Tam tersi kırmızı et beslenmede özellikle protein yapısı ve vücudun en iyi alabileceği demir minerali açısından oldukça önemlidir. Tabi ki bu hayatta her şeyin oranı olduğu gibi kırmızı etin tüketim şekil ve miktarı önemlidir. Haftada ortalama beş gün beyaz iki gün kırmızı et diyebiliriz. Ama kırmızı eti hiç tüketmemek gibi bir durum söz konusu değildir.

LİGHT ÜRÜNLER ZAYIFLATIR

Diyet ürünler birkaç gruptan oluşur. Ama hangisi olursa olsun zayıflatan bir light ürün yoktur. Örneğin; bir yiyecek normalde 100 kaloriyse aynı yiyeceğin light olanı bu kaloriden bir miktar daha az enerji içerir. Sadece ne azaltıldıysa o light üründe, onu daha az almış olursunuz.

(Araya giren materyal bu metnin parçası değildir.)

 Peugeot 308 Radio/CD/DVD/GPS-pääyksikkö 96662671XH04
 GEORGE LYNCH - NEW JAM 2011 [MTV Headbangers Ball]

BOL BALIK YEMEK KİLO ALDIRMAZ

Balık et grubunun en vazgeçilmez yiyeceğidir. Özellikle kalp damar sağlığı ve beyin gelişimi açısından oldukça önemlidir. Yağ içeriği omega 3 bizim için vazgeçilmezdir. Ancak her besin gibi onunda gayet başarılı bir enerji içeriği vardır. Yani balıkta da sınırı aştığımızda, diğer bütün besinler gibi kilo artışını destekler. Haftada 2-3 defa balık tüketimini desteklemekteyiz. En güzel yol besin çeşitliliğini sağlamaktır. Yani etin yanında sebzeniz, pilav veya makarnanız, çorbanız, salatanız, yoğurdunuz olması çok daha sağlıklıdır. Tek yönlü beslenme büyük bir hatadır. Azar azar miktarlarda ama çok çeşit en faydalı olanıdır. Eğer glutene duyarlılığınız, alerjiniz veya intoleransınız yoksa glutensiz beslenmek kendinize yapacağınız büyük bir haksızlık olur. Zaten yukarıdaki durumlar sözkonusu ise mecburi glütensiz beslenme durumu oluşur. Bu da doktor tarafından tanılanmış ve diyetisyen tarafından kontrol edilen bir süreçtir.